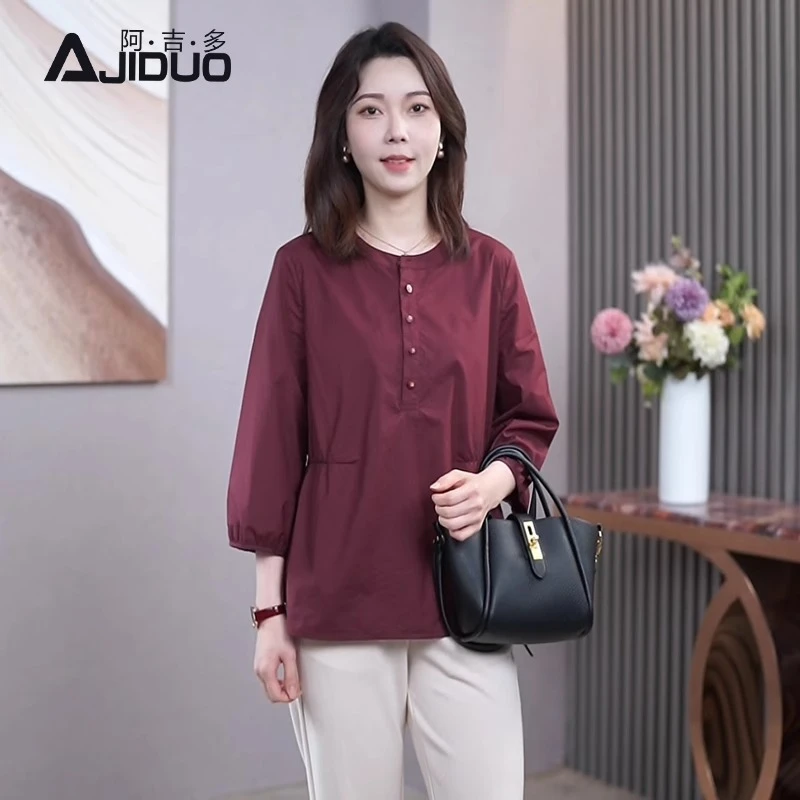 A31333阿吉多七分袖衬衫女春季新款简约高级洋气减龄大码上衣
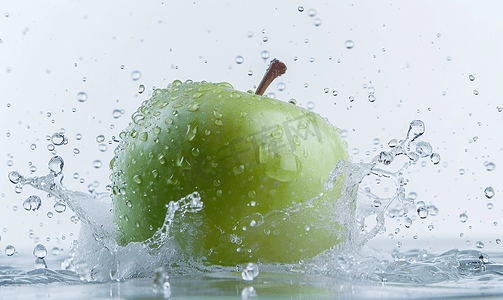 动态水摄影照片_水半苹果绿色孤立在白色背景上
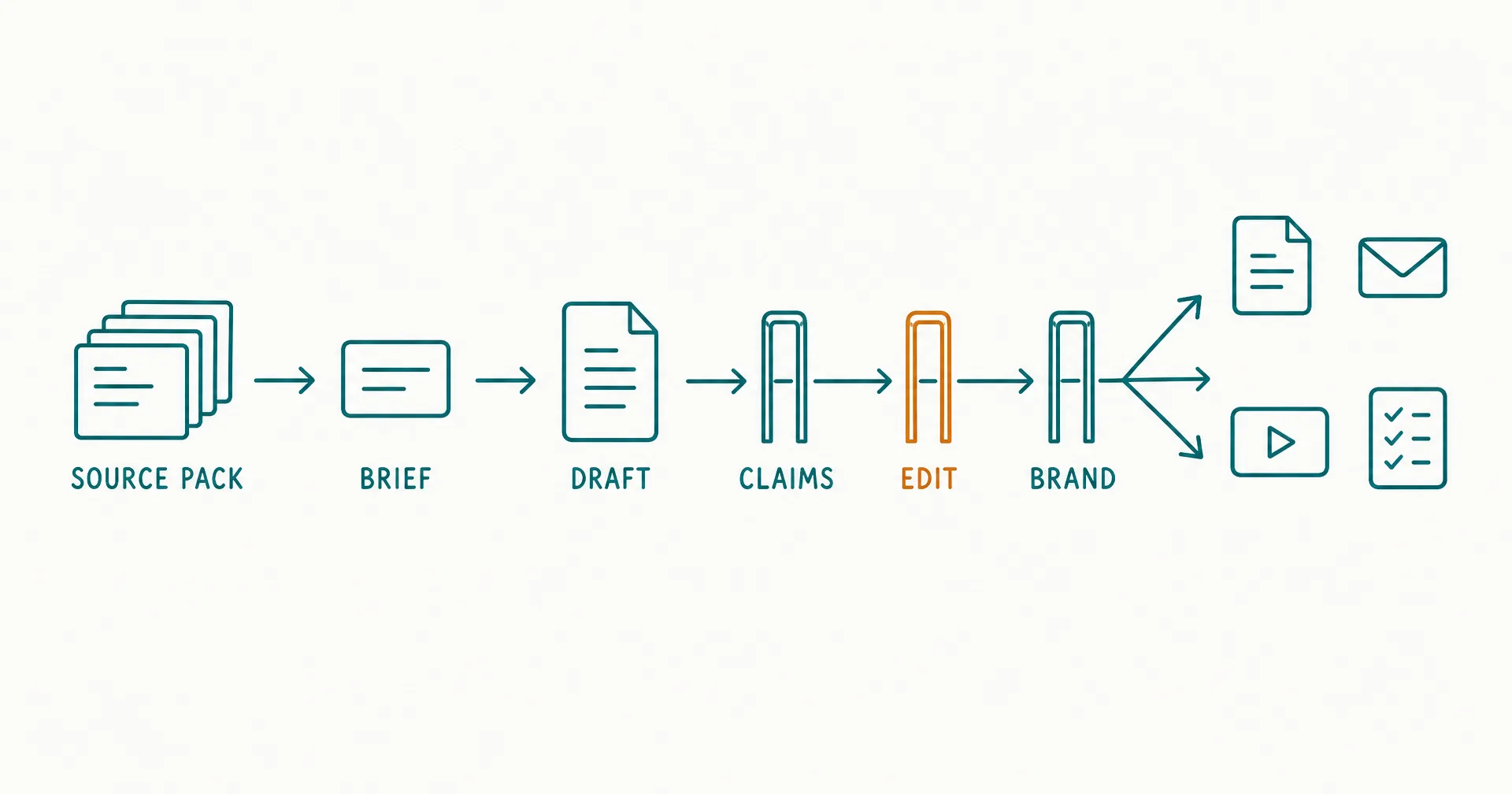 Napkin-style sketch of a content production line: a source pack box feeds a brief card, then a draft page moving through three stamped review gates, branching at the end into several small channel assets, with an amber highlight on the middle review gate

Task to complete: Reproduce exactly and only the lines from the line that contains "动态水摄影照片_水半苹果绿色孤立在白色背景上" to the end of the data above, both ends included. No pictures go in the copy.

Your response:
 动态水摄影照片_水半苹果绿色孤立在白色背景上
 Napkin-style sketch of a content production line: a source pack box feeds a brief card, then a draft page moving through three stamped review gates, branching at the end into several small channel assets, with an amber highlight on the middle review gate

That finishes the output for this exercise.